**Problem requirements**
Each line from the start of the records through the line containing "Vintage Heart Collared Crewneck" is to be transcribed exactly, and no other line is to be included.

(Short descriptive text snippets)
----

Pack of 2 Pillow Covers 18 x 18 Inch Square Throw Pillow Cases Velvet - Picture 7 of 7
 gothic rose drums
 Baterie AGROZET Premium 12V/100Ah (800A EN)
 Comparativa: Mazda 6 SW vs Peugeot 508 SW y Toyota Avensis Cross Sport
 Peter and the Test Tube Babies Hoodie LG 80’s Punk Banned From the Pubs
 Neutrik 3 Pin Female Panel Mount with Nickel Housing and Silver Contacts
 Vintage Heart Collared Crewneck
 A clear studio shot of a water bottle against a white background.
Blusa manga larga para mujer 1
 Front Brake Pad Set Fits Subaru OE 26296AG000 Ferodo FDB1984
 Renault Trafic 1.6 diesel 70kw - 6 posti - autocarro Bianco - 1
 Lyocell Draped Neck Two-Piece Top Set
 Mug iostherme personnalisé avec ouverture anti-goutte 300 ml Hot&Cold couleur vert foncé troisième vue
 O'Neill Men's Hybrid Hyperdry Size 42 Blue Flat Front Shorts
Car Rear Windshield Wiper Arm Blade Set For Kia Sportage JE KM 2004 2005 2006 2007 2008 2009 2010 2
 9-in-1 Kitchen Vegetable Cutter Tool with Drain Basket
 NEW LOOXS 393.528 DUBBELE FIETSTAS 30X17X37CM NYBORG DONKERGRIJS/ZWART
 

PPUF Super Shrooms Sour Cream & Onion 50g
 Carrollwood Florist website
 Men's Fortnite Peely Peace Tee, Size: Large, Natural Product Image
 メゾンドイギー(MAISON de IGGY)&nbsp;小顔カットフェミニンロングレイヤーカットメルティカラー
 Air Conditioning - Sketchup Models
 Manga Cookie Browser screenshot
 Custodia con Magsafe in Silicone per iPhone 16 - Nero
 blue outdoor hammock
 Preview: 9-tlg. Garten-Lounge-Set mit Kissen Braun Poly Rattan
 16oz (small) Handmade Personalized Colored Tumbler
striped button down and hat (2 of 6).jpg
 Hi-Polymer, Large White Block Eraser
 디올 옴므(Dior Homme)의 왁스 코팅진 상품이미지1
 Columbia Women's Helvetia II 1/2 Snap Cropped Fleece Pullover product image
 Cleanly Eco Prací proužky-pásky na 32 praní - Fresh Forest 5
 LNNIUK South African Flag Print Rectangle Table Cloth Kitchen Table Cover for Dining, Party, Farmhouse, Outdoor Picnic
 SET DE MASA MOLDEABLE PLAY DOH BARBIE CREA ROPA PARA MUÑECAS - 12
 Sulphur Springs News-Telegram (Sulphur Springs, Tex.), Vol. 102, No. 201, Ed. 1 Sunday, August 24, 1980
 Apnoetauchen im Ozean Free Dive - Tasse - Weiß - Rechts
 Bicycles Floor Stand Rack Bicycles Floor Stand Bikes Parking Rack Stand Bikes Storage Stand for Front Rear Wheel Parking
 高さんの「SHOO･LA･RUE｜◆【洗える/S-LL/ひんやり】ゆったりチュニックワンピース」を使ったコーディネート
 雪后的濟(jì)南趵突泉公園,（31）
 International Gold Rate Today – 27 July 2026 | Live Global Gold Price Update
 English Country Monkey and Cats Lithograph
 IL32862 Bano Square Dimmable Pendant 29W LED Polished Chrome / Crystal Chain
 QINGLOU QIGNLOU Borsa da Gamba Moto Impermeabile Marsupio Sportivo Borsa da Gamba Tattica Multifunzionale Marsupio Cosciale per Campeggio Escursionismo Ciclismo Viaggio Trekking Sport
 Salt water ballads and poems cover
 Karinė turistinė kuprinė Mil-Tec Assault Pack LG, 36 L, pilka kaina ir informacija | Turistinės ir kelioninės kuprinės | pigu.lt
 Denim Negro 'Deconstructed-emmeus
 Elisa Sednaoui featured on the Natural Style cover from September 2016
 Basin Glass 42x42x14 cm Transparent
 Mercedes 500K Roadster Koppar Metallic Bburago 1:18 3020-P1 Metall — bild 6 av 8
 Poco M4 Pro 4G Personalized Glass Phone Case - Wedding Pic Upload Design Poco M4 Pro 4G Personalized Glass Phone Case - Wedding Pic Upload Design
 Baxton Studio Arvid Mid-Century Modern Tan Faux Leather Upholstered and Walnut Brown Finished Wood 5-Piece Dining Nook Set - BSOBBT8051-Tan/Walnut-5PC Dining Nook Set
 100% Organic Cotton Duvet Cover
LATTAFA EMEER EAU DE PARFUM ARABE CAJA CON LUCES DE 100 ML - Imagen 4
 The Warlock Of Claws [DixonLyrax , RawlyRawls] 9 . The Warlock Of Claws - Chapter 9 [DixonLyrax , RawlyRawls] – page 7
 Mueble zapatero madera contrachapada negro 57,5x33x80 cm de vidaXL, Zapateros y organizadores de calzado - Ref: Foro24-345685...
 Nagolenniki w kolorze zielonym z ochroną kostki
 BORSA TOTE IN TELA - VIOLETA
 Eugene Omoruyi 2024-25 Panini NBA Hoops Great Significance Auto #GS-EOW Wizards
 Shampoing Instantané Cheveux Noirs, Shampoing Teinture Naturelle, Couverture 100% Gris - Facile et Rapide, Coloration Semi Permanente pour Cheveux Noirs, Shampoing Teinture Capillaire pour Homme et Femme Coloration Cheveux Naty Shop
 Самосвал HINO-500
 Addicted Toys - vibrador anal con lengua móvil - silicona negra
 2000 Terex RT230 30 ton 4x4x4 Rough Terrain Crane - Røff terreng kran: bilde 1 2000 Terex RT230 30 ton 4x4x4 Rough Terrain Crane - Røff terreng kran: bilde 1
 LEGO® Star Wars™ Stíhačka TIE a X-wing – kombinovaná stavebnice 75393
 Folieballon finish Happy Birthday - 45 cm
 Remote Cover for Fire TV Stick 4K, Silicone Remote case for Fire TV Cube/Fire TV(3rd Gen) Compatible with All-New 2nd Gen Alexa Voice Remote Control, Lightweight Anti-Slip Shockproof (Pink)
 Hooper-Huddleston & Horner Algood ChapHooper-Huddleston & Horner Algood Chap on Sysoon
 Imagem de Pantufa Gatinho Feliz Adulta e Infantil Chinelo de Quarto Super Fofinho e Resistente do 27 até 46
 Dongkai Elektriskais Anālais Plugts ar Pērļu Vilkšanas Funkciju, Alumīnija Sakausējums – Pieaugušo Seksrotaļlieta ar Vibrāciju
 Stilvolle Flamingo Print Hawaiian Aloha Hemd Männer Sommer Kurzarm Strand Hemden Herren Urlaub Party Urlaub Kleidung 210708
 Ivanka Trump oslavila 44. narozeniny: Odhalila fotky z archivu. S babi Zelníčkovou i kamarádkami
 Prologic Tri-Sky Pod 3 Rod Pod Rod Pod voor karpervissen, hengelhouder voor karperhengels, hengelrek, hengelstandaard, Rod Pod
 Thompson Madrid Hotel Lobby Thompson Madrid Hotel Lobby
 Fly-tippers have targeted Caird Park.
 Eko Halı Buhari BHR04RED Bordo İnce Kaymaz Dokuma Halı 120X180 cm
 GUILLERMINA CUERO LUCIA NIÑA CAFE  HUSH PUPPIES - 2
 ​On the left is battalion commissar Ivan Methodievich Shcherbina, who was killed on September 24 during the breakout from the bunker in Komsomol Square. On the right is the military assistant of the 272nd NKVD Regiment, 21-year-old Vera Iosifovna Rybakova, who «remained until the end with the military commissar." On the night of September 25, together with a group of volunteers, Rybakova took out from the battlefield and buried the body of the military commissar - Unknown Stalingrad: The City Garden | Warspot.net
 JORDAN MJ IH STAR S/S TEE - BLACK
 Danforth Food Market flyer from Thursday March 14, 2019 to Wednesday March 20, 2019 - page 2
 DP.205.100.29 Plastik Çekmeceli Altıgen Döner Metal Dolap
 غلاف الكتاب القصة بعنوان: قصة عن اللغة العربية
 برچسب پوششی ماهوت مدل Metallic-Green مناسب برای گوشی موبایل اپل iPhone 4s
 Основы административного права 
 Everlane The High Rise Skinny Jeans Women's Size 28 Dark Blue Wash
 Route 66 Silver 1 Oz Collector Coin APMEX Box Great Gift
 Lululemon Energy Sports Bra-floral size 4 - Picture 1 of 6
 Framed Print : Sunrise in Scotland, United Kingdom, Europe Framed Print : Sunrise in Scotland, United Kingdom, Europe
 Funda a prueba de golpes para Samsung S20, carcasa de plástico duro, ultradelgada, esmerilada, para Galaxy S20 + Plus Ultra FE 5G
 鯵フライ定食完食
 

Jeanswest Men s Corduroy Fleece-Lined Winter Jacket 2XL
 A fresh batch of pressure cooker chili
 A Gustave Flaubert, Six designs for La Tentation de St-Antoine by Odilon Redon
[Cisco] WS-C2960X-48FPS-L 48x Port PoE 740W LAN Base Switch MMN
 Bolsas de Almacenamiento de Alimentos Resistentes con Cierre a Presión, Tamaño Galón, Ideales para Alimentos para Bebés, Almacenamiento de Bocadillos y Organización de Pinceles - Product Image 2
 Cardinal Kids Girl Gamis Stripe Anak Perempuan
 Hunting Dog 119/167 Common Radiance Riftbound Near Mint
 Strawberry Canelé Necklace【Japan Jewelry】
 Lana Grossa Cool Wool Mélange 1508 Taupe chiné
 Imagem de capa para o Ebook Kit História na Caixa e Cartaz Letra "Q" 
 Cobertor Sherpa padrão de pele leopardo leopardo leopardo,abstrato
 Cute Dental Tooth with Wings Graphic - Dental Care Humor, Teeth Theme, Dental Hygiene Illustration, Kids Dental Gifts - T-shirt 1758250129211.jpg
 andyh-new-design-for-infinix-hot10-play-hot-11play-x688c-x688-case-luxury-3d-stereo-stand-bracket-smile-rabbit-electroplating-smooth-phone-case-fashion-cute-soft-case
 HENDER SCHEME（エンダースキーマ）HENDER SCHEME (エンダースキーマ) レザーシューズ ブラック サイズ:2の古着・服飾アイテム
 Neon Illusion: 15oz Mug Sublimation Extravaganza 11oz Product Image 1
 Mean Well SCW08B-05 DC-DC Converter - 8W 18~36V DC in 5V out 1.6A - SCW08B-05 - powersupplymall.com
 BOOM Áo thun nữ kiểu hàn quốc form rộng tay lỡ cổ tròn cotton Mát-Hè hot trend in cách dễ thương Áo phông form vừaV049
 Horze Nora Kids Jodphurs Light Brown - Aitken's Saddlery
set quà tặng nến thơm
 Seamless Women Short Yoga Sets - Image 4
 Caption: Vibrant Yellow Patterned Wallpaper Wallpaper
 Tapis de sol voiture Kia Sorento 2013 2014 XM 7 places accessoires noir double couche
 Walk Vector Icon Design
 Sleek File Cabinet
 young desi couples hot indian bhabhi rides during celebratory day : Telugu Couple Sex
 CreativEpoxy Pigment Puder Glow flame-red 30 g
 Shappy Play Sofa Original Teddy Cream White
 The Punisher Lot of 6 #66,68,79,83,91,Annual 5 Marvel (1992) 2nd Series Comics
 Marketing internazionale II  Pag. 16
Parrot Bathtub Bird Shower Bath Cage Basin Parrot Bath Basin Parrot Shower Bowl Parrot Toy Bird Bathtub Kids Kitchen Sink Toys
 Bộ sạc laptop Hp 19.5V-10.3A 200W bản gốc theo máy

----

**Your solution**
Pack of 2 Pillow Covers 18 x 18 Inch Square Throw Pillow Cases Velvet - Picture 7 of 7
 gothic rose drums
 Baterie AGROZET Premium 12V/100Ah (800A EN)
 Comparativa: Mazda 6 SW vs Peugeot 508 SW y Toyota Avensis Cross Sport
 Peter and the Test Tube Babies Hoodie LG 80’s Punk Banned From the Pubs
 Neutrik 3 Pin Female Panel Mount with Nickel Housing and Silver Contacts
 Vintage Heart Collared Crewneck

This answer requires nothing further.